2. Description of the Related Art
Single phase induction motors (SPIMs) constitute the majority of motors used in home appliances today. SPIMs include permanent split capacitor (PSC) motors, split phase motors, permanent magnet synchronous motors, and shaded pole motors. As is known, these motors are inherently single speed motors and are used in clothes washers, clothes dryers, dishwashers, hermetic compressors, fans, pumps, draft inducers, et cetera.
SPIMs, generally are supplied power from an AC utility line at 50 or 60 Hz and at 120 or 230 volts. These motors typically have a power rating of between about 5 to about 1500 watts.
As mentioned above, these motors operate at constant speed when supplied from the AC utility line. When multiple speeds are needed, techniques like multiple windings with different number of poles, or tapped windings are used. In some applications, like fans, blowers, or pumps, the applied voltage to the motor can be reduced in order to reduce motor speed.
In industrial applications, three phase induction motors have been used instead of SPIMs due to the general availability of three phase power, as well as the higher output capabilities, higher torque production, higher efficiency and lower inrush currents of the three phase motors. Multiple speeds and torques typically are provided utilizing controllers that apply three phase power to the motors in such a fashion as to effect the variable speeds and/or torques. However, in residential appliances, SPIMs are preferred due to the greater availability of single phase power.
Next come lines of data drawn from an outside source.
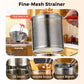🔥LAST DAY SALE 50% OFF🍗304 Stainless Steel Multifuntional Fryer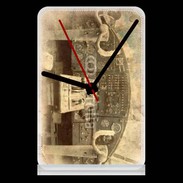 Pendule de bureau Vintage aviation 54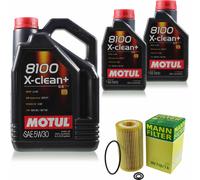 Mann-Filter Inspection Set Motul 7L 5W-30 pour Benz C - Classe T - Modèle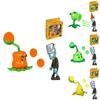 Увлекательный игровой набор Plants Vs Zombies с яркими мини-фигурками для детей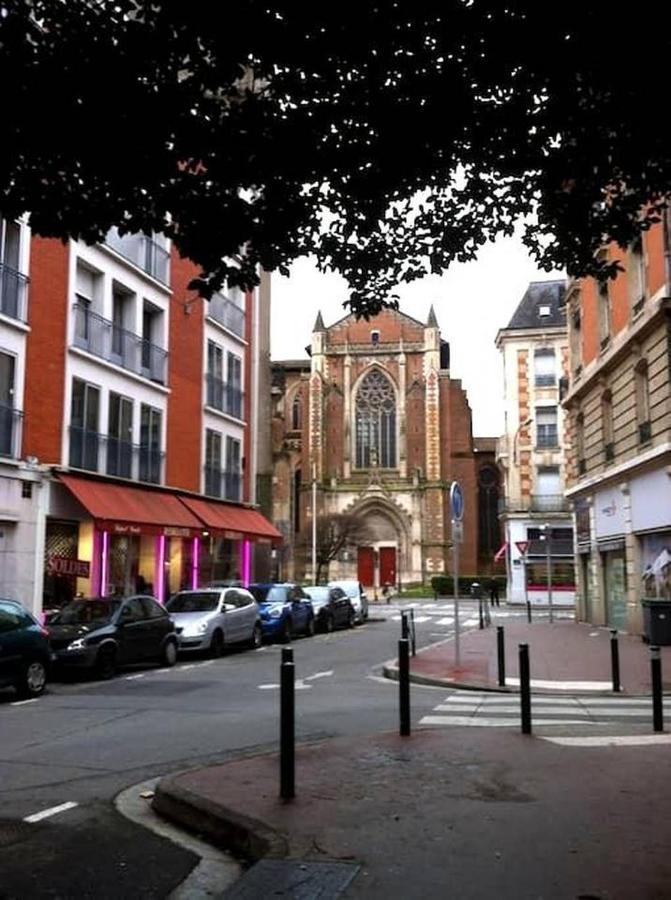 Hyper-Centre Historique Avec Possibilite De Reservation Parking Toulouse Exterior photo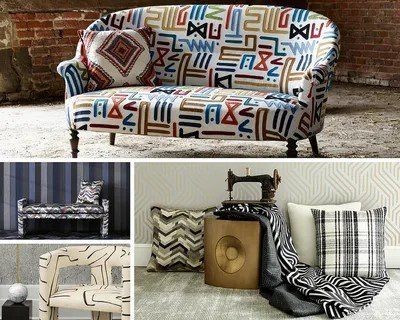 Tissus ameublement GP & Baker Toulouse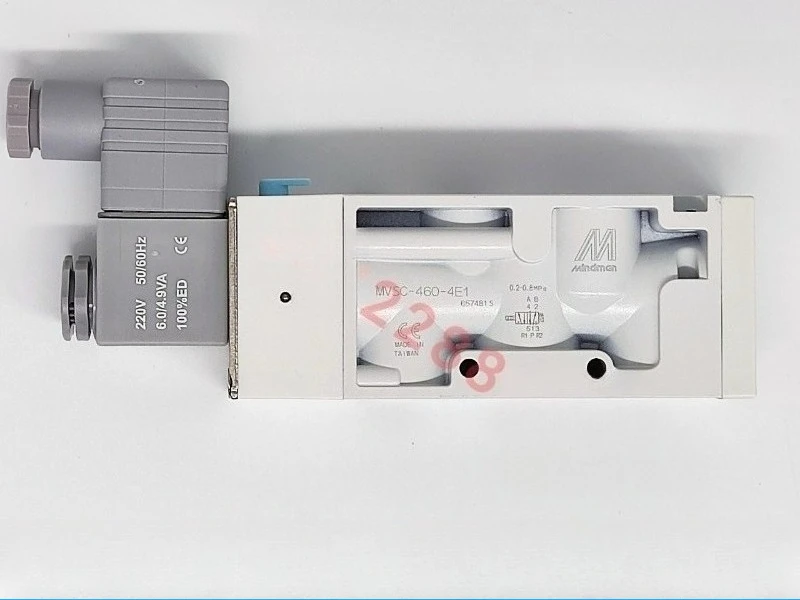 Solenoid valve MVSC-460-4E1-AC220V two-position five-way single coil pneumatic directional valve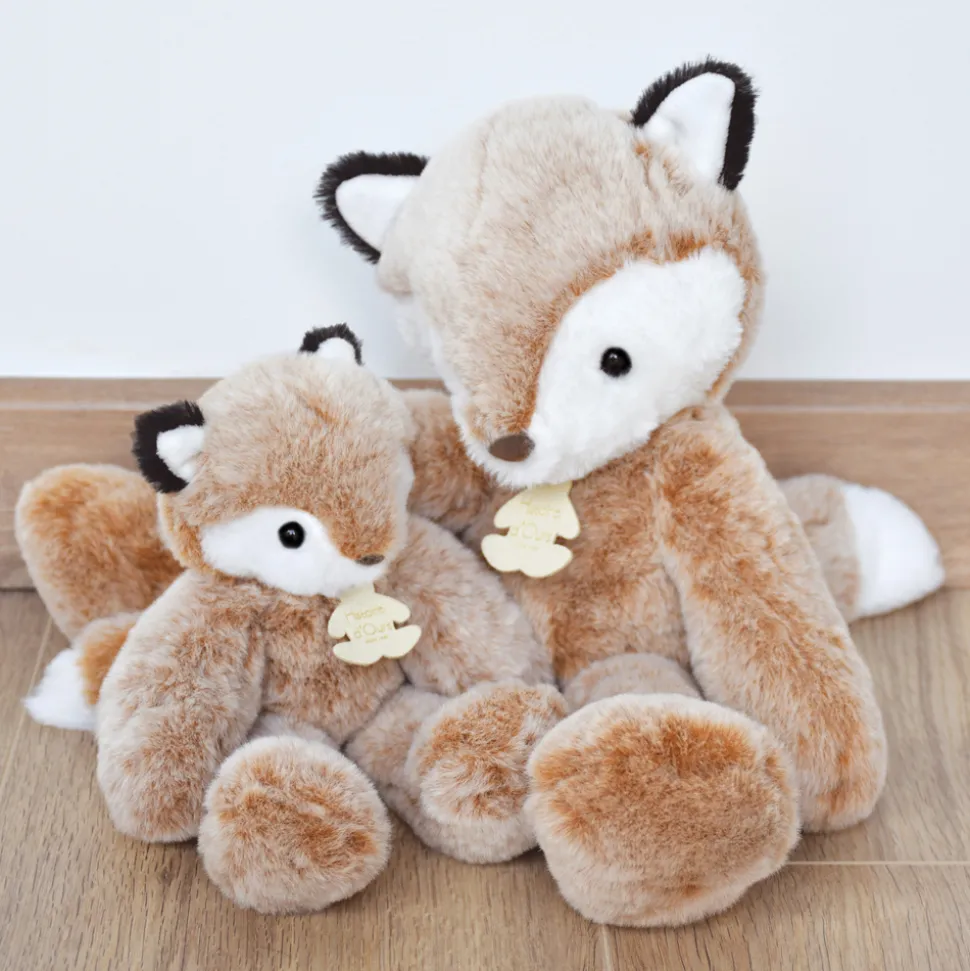 Peluche Renard Roux - 40 cm
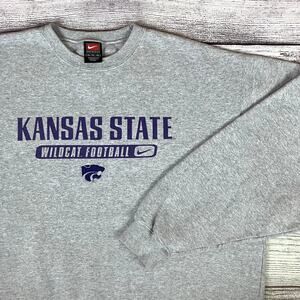 Vintage Nike Kansas State Wildcats Football College Crewneck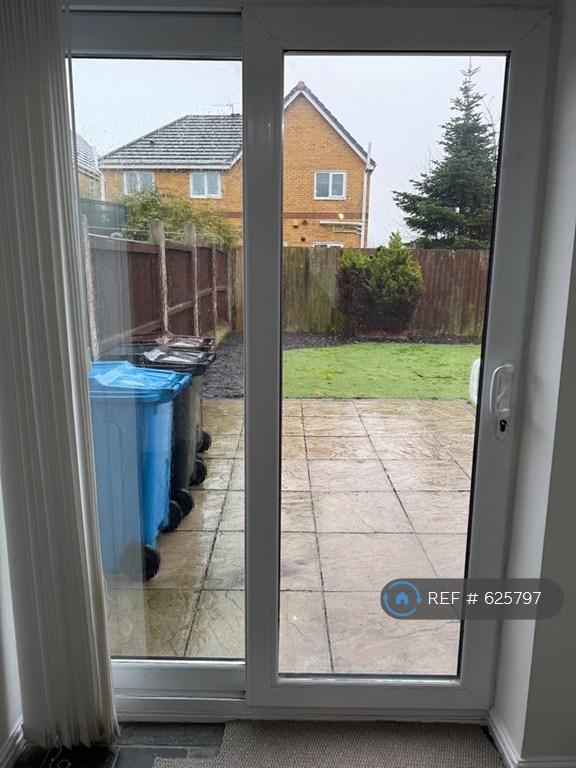 Patio Doors Onto Garden.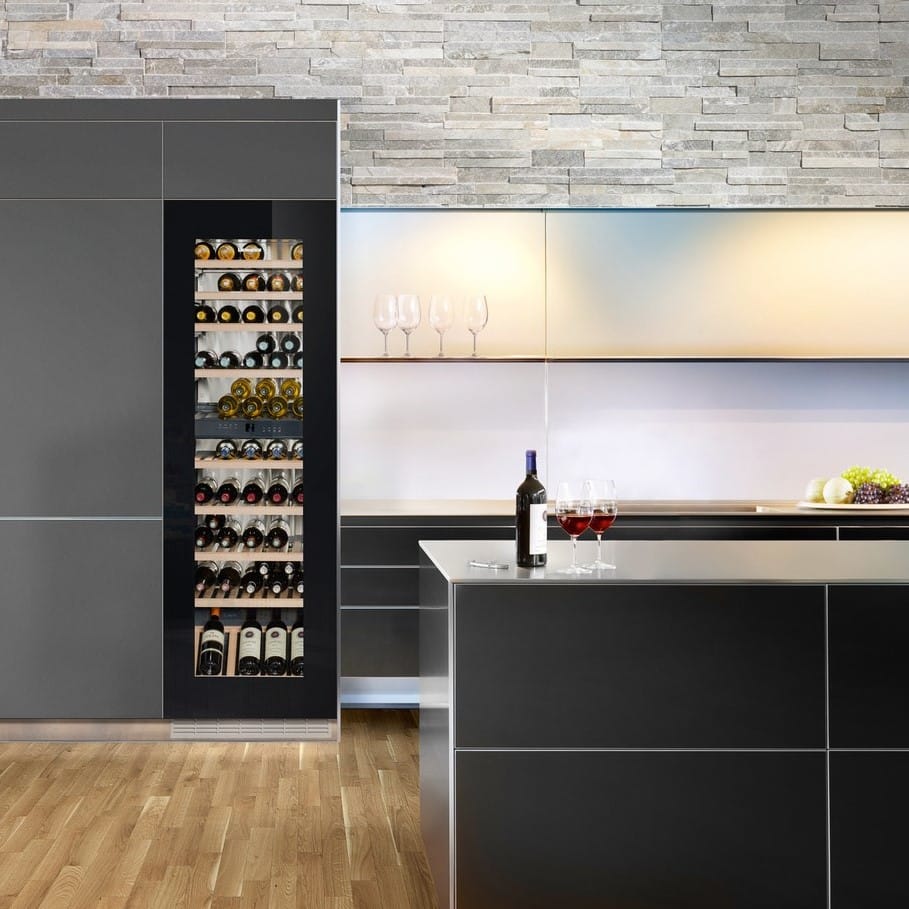 liebherr wine cooler built in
To date, the design of controllers for SPIMs has been greatly influenced by the design of industrial motor controllers. These influences range from developments in power electronics, motor design and control theory. In that regard, variable speed motors, notably induction motors, driven by hard switching three phase inverters are commonly used in industrial applications. However, as alluded to above, low cost, high efficiency, small size, and high production volume are not the main driving force behind industrial motor controller designs. Hence, most industrial motor control schemes are not adaptable for or matched to the appliance industry.
Oftentimes, a SPIM control system will convert fixed frequency AC power (e.g., 120 v, 60 Hz) to DC power, and then invert the DC power to suitable AC frequency power.
The following patents, incorporated herein by reference, disclose various means and methods for driving SPIMs: U.S. Pat. Nos. 4,446,706; 5,252,905; 4,467,257; 4,566,289; 5,214,367; 5,241,257; 3,588,650; 4,281,276; 4,243,927; 4,099,108; 4,488,102; 4,767,976; 5,179,336; and 5,276,392. While these patents disclose various schemes for driving SPIMs at various speeds, U.S. Pat. No. 5,252,905 discloses a variable frequency supply for operating a SPIM in which a Pulse Width Modulated (PWM sine wave is applied to the SPIM. The control circuit includes switches to bypass the electronic switching circuit when it is desired to operate the motor from the 60 Hz line supply. Also, U.S. Pat. No. 4,566,289 discloses a refrigerator control system including an inverter for operating the compressor motor at variable speeds, and switches for connecting the compressor motor directly to the line voltage supply when desired. Finally, U.S. Pat. No. 3,588,650 discloses a variable frequency and magnitude supply for operating a SPIM at variable speeds.
Thus far, control systems that convert fixed frequency AC power to DC power and then invert the DC power to a variable amplitude and frequency voltage to operate a single phase induction motor do not optimize the control for the characteristics of the motor over the full range of operating conditions. Very often the control will limit operating conditions such that the motor will not make audible noises or the control circuit components will not overheat. These controls will often limit their operation to signals of line frequency or less.